Les voies d'amélioration explorées depuis quelques années sont diverses. Sans doute n'y a-t-il pas lieu de chercher des réponses standardisées pour tous les musées. L'externalisation des réserves est un sujet très controversé au sein des musées nationaux. Les tenants du continuum soulignent qu'un lieu unique facilite les relations aux oeuvres pour les conservateurs et les chercheurs. Les autres mettent en avant le prix du foncier, qui incite à opter pour des solutions moins coûteuses. C'est pour cette raison qu'à Tours, Bordeaux, Valence ou Marseille, les réserves ont quitté le centre-ville pour un horizon parfois plus lointain.

L'ouverture des réserves au public est un autre sujet de controverse. Quand des compromis ont été trouvés, c'est généralement qu'une partie des réserves avait été rendue visitable en amont. Quoi qu'il en soit, la réponse, qui ne peut pas être la même pour tous les lieux, doit être encadrée, par respect pour le travail des personnels des musées, qui ne peut s'accommoder des perturbations induites par des visites trop fréquentes. Les constructions récentes contiennent des réserves adaptées aux différents types de collections et permettent de voir en partie les coulisses du musée. C'est le cas au MuCEM à Marseille. Nous préconisons que chaque musée de France inscrive au moins la question de ses réserves dans son programme scientifique et culturel. On ne peut pas toutes les rendre visitables, mais cette éventualité ne peut pas être éliminée a priori.

Il a été envisagé de doter tous les musées nationaux parisiens menacés par la crue centennale d'un centre de conservation commun, mais le projet de Cergy-Pontoise, qui a connu plus de malheurs que d'heurs, a finalement été abandonné. La solution du Louvre à Lens, certes intéressante, ne concerne qu'un seul musée. Si la création d'antennes en région permet une gestion plus dynamique des réserves, elle reste néanmoins coûteuse et difficile à mettre en oeuvre.

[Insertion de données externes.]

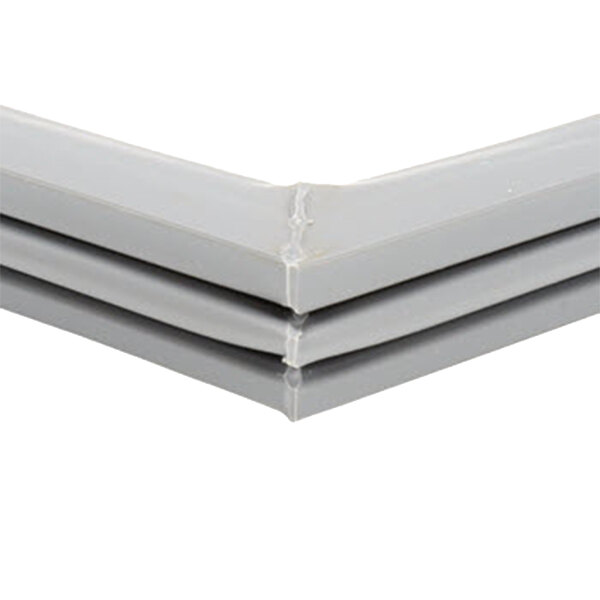 A close-up of a gray plastic corner of a white Delfield door gasket.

Le fonctionnement des musées américains nous a par ailleurs amenés à nous interroger sur notre principe d'inaliénabilité des collections publiques. La mode, c'est ce qui se démode. Si l'inaliénabilité a permis de redécouvrir des oeuvres dont on avait fait peu de cas pendant un siècle, on ne peut nier que la cession d'oeuvres redondantes telle que pratiquée par le musées aux États-Unis permettrait de dégager des moyens financiers bienvenus. La question reste ouverte et nous ne nous sommes pas permis de la trancher définitivement.